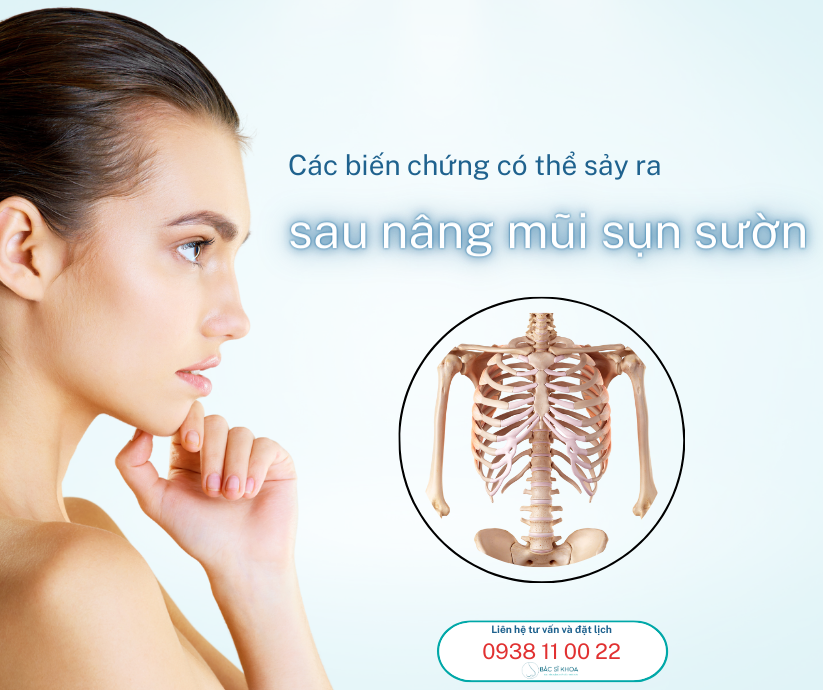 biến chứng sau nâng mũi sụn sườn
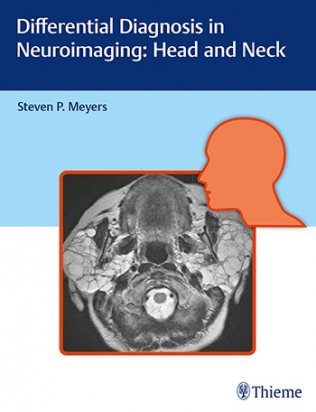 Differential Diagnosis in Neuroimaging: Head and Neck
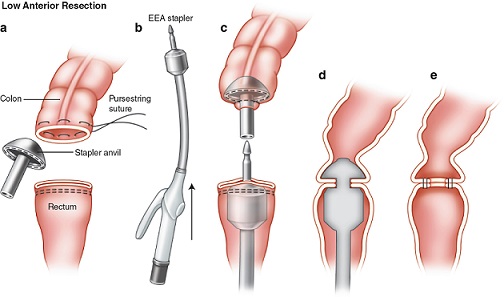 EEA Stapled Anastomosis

...

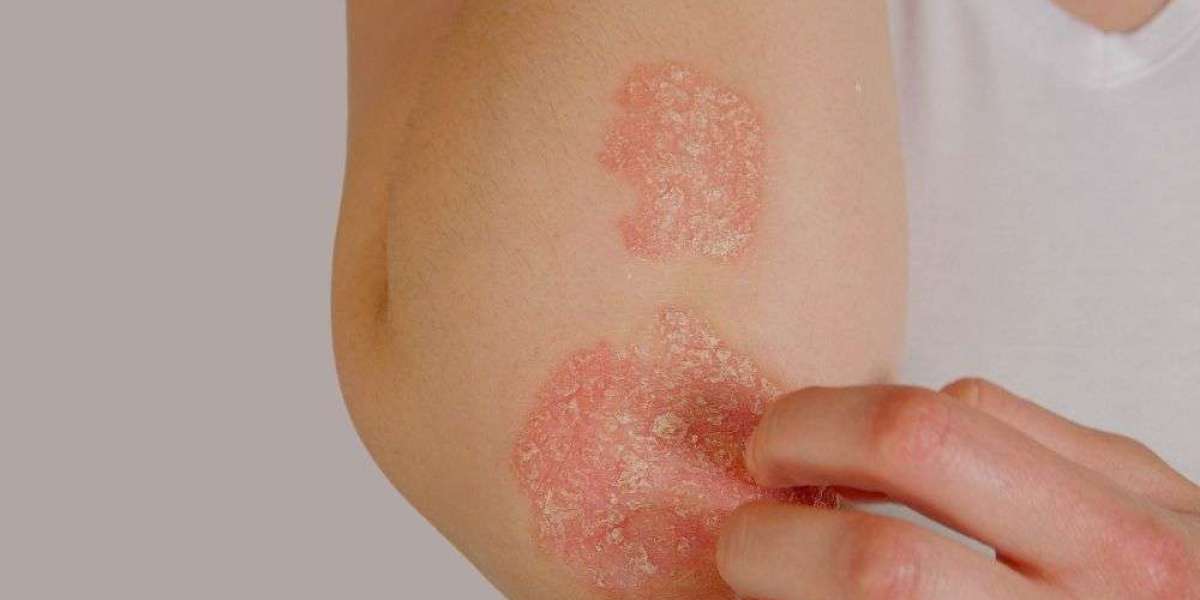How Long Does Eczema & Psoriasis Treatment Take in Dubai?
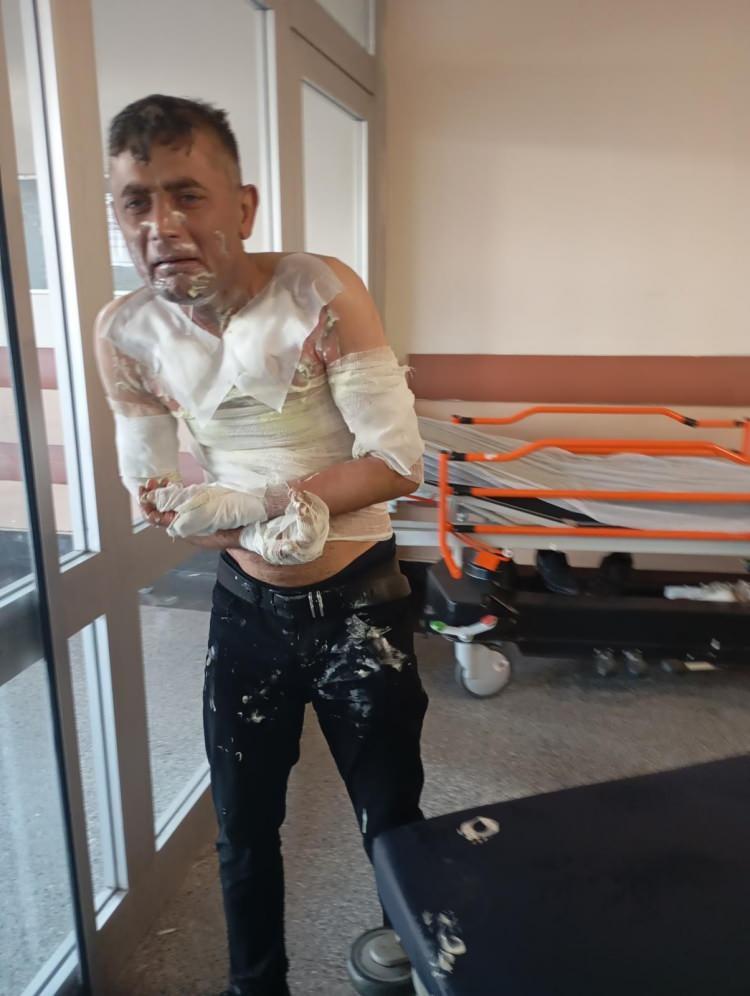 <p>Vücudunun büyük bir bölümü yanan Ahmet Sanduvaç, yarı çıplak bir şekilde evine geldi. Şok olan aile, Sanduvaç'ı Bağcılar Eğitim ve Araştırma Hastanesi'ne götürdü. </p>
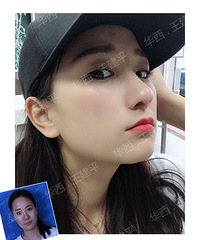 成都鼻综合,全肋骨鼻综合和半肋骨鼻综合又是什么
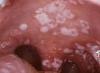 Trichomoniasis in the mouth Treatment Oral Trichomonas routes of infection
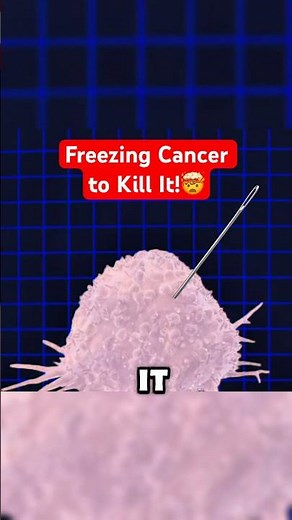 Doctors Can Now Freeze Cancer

--

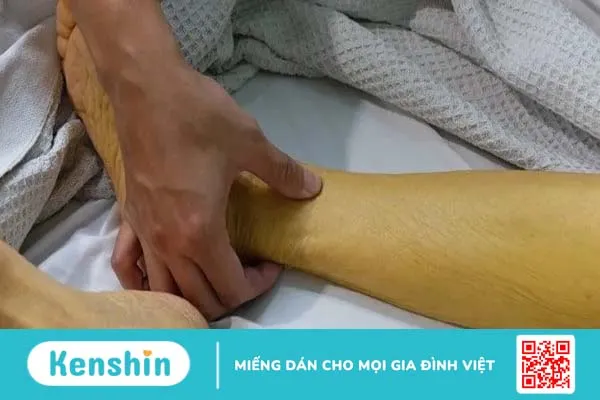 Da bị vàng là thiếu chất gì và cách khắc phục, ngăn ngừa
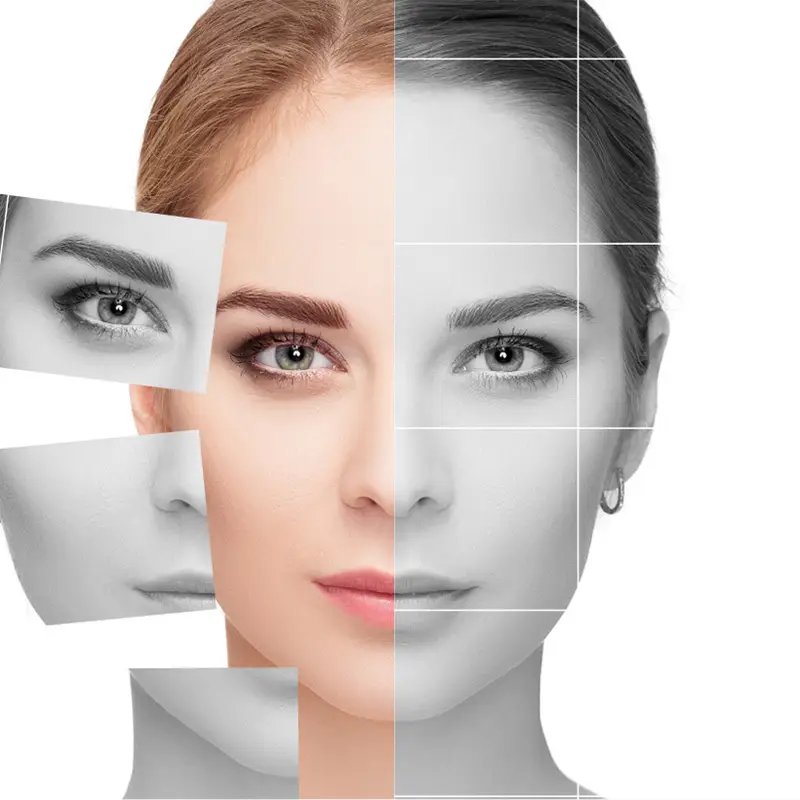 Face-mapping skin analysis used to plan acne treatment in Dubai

## THE TASK
From the data above, retype only the lines starting with the line with "How Long Does" and going on through the line with "Doctors Can Now Freeze Cancer", exactly, leaving out the pictures.

## ANSWER FOR THE TASK
How Long Does Eczema & Psoriasis Treatment Take in Dubai?
 <p>Vücudunun büyük bir bölümü yanan Ahmet Sanduvaç, yarı çıplak bir şekilde evine geldi. Şok olan aile, Sanduvaç'ı Bağcılar Eğitim ve Araştırma Hastanesi'ne götürdü. </p>
 成都鼻综合,全肋骨鼻综合和半肋骨鼻综合又是什么
 Trichomoniasis in the mouth Treatment Oral Trichomonas routes of infection
 Doctors Can Now Freeze Cancer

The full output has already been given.